* TASK INSTRUCTIONS *
Return, exactly and in full, the lines of the records below starting at the one with "Kurczak w wiórkach" and ending at the one with "24-Stunden-Waffenverbot an bayerischen", and no other lines.

+ + + + + + +

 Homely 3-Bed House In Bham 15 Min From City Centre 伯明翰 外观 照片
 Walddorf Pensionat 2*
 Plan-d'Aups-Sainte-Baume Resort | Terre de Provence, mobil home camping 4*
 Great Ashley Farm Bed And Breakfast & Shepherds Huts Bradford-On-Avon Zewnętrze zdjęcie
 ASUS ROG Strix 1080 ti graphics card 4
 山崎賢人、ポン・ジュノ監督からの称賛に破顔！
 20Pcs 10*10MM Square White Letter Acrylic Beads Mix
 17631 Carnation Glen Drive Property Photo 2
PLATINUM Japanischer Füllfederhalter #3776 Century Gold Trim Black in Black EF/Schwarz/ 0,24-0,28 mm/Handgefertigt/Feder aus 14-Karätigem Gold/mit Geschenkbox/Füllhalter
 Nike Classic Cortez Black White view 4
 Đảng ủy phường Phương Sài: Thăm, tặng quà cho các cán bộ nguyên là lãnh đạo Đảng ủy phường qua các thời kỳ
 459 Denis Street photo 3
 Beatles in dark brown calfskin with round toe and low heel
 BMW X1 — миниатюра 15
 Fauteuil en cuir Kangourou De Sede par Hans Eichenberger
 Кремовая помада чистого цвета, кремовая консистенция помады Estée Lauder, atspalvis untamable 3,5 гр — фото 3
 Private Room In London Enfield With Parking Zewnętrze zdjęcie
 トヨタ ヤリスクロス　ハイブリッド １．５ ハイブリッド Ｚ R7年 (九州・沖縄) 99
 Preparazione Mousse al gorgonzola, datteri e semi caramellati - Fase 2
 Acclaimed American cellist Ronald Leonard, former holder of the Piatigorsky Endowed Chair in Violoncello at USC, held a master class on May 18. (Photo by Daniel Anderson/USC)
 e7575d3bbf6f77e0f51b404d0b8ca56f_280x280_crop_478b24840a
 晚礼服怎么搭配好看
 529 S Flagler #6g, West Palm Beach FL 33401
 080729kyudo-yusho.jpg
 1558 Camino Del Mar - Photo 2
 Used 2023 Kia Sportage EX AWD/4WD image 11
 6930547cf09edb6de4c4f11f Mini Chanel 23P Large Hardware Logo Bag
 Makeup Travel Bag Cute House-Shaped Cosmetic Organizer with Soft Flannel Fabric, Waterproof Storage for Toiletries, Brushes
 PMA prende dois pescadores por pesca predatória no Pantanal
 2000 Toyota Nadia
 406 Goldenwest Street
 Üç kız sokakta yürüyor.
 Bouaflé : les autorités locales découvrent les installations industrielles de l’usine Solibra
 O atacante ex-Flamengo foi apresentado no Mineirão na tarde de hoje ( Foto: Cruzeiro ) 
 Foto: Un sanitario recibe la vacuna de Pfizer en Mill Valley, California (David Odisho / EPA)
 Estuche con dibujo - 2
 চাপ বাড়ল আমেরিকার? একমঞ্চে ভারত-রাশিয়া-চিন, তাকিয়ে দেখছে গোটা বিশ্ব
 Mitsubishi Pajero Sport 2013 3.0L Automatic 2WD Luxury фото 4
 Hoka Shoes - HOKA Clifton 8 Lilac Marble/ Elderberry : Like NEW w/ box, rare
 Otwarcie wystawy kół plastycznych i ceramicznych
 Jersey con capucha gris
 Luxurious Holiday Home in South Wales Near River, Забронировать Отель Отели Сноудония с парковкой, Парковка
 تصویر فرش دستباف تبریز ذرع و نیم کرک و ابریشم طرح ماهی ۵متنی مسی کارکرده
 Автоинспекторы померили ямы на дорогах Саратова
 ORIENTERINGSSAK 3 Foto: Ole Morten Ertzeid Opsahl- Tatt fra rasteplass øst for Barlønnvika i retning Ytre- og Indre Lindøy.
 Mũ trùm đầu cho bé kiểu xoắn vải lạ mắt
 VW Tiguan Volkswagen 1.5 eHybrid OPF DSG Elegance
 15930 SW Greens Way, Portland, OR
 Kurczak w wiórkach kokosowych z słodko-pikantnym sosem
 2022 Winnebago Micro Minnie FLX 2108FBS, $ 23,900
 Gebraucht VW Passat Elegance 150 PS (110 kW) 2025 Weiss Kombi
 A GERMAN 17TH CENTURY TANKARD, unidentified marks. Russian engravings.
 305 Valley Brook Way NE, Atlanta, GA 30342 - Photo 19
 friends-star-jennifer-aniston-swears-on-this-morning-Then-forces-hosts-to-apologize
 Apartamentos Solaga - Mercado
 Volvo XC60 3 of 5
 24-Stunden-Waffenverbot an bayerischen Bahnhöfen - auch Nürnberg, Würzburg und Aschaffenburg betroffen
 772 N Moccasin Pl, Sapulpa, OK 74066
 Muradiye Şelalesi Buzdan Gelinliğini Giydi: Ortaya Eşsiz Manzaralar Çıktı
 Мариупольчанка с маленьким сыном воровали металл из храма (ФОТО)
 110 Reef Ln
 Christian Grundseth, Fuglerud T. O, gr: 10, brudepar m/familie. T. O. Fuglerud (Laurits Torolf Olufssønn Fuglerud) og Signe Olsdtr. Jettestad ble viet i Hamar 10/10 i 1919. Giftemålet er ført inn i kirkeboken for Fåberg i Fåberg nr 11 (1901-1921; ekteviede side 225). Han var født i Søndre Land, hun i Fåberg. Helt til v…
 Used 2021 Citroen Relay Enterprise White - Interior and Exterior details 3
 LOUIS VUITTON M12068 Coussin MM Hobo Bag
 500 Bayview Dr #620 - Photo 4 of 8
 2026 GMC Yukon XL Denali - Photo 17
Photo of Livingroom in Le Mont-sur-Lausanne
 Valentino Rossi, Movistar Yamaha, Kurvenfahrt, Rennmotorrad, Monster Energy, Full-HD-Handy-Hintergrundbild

+ + + + + + +

* THE COMPLETED TASK *
 Kurczak w wiórkach kokosowych z słodko-pikantnym sosem
 2022 Winnebago Micro Minnie FLX 2108FBS, $ 23,900
 Gebraucht VW Passat Elegance 150 PS (110 kW) 2025 Weiss Kombi
 A GERMAN 17TH CENTURY TANKARD, unidentified marks. Russian engravings.
 305 Valley Brook Way NE, Atlanta, GA 30342 - Photo 19
 friends-star-jennifer-aniston-swears-on-this-morning-Then-forces-hosts-to-apologize
 Apartamentos Solaga - Mercado
 Volvo XC60 3 of 5
 24-Stunden-Waffenverbot an bayerischen Bahnhöfen - auch Nürnberg, Würzburg und Aschaffenburg betroffen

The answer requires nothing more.